▶ Captioned web image data
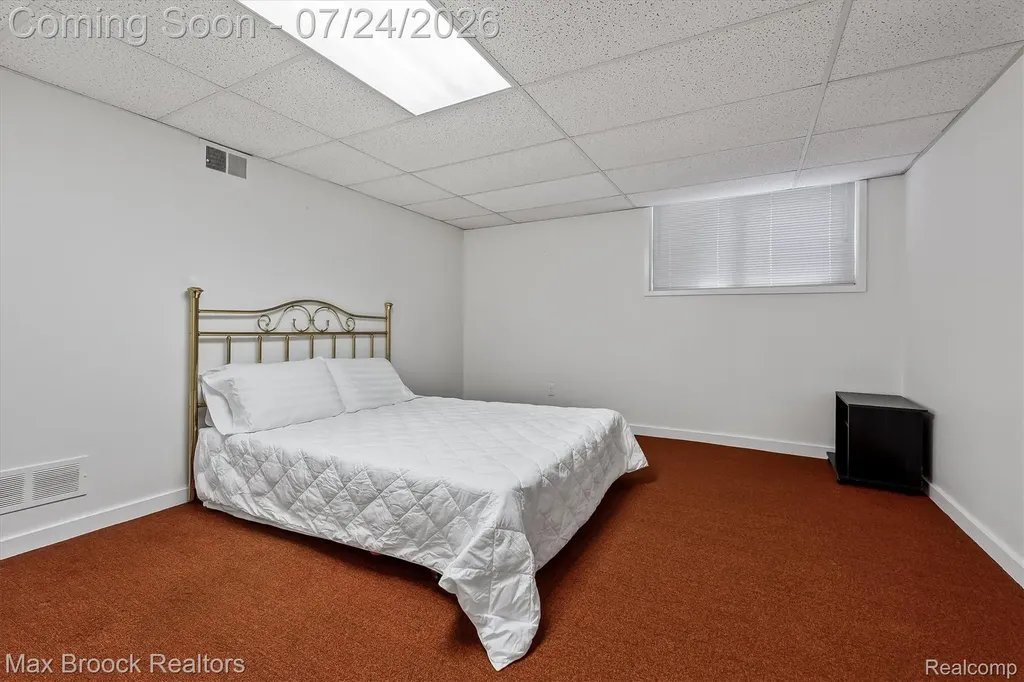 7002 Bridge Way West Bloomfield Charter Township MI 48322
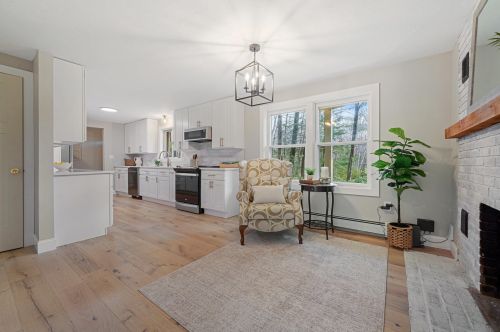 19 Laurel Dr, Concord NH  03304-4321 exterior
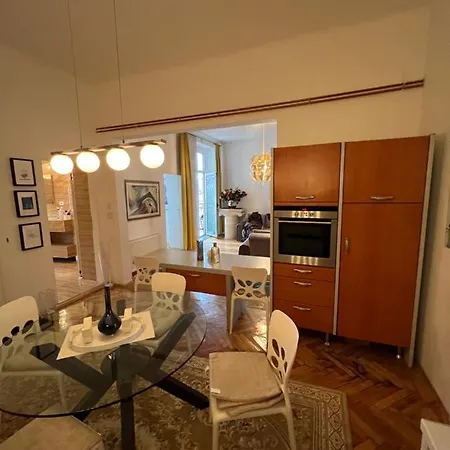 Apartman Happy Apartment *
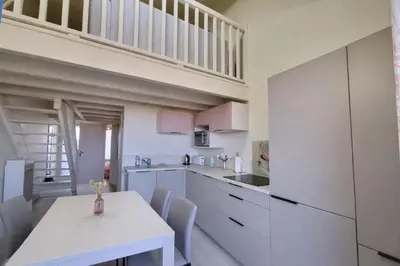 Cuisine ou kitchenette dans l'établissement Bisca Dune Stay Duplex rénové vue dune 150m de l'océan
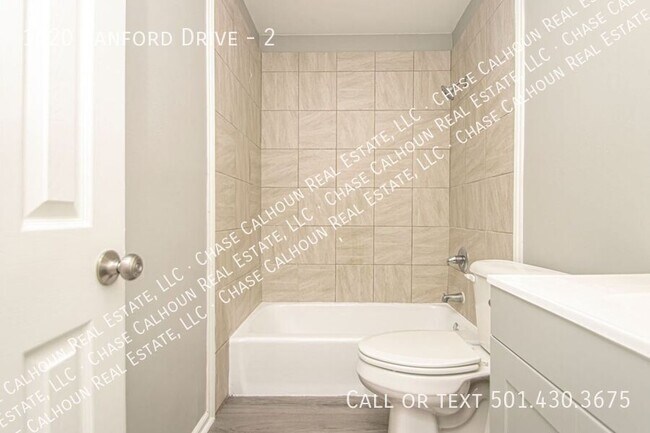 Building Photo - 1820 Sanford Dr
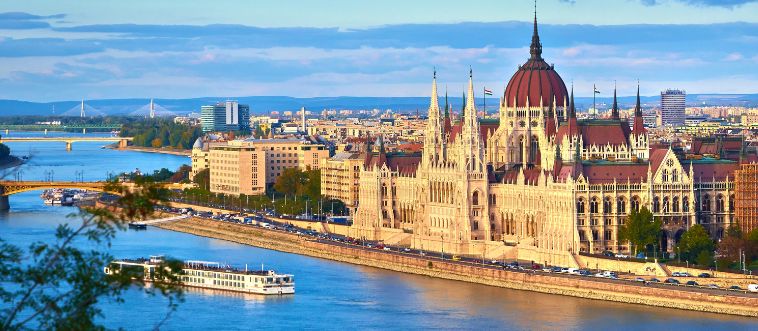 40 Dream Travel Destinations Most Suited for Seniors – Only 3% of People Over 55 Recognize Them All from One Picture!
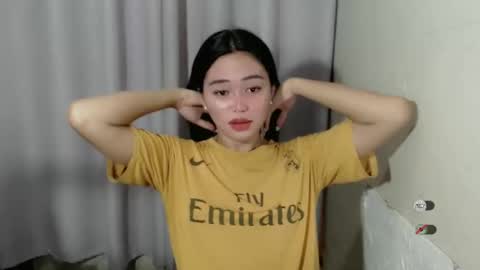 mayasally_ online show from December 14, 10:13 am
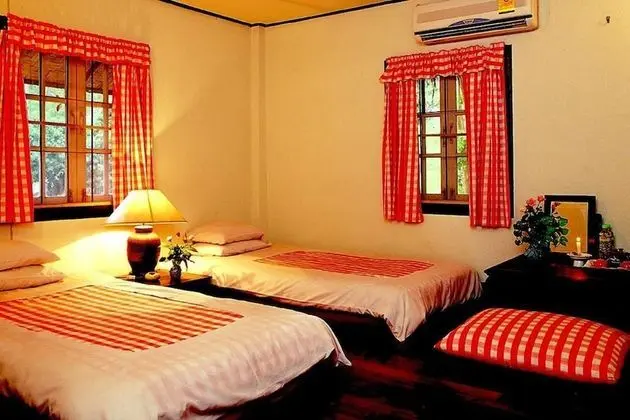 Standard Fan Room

▶ Problem to solve
Reproduce all of the entries word for word, skipping any pictures they hold.

▶ Result
 7002 Bridge Way West Bloomfield Charter Township MI 48322
 19 Laurel Dr, Concord NH  03304-4321 exterior
 Apartman Happy Apartment *
 Cuisine ou kitchenette dans l'établissement Bisca Dune Stay Duplex rénové vue dune 150m de l'océan
 Building Photo - 1820 Sanford Dr
 40 Dream Travel Destinations Most Suited for Seniors – Only 3% of People Over 55 Recognize Them All from One Picture!
 mayasally_ online show from December 14, 10:13 am
 Standard Fan Room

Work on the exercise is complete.